Speaking with PEOPLE about the incident, Class explained she and her husband didn't believe their daughter at first, saying they had just watched Monsters, Inc as a family and thought she was referring to monsters being in her closet, like in the movie. They also believed she was possibly "regressing," since they had recently welcomed a baby.
It wasn't until Class and her husband noticed bees entering their attic that they called pest control and learned there were some honeybees, which are considered endangered.
"Beekeeper and beekeeper" told them that none of the bees were in the home after patching up a hole in the attic -- until one eventually saw a bee going through the floorboards. They pulled out the thermal camera, leading to the discovery in her daughter's bedroom.
"There were streams of bees, and the wall where he hit was oozing honey. But it looked like blood because it was really, really dark, running down my daughter's pink walls. It looked really strange," she told the outlet.

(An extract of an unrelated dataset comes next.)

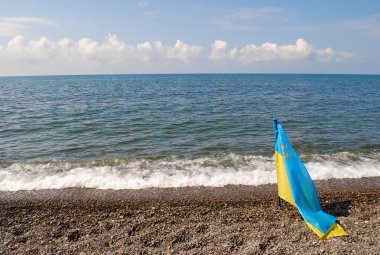 Deniz kıyısında zemin karşı Ukrayna'nın bayrak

Eventually, 50,000 bees were removed, including the queen and a chunk of honeycomb. With the queen gone, Class said "a couple of thousand" of remaining bees have died -- but they were assured by the beekeeper "that what has been saved is significant versus what's been lost." The beekeeper also told the homeowners it looked like they had been there for about eight months.
The incident has led to major damage in the farmhouse, which Class said amounts to about $20,000 thanks to the hole in the wall, which now has to be re-insulated and sealed, while wires -- which were covered in honey -- have to be redone as well.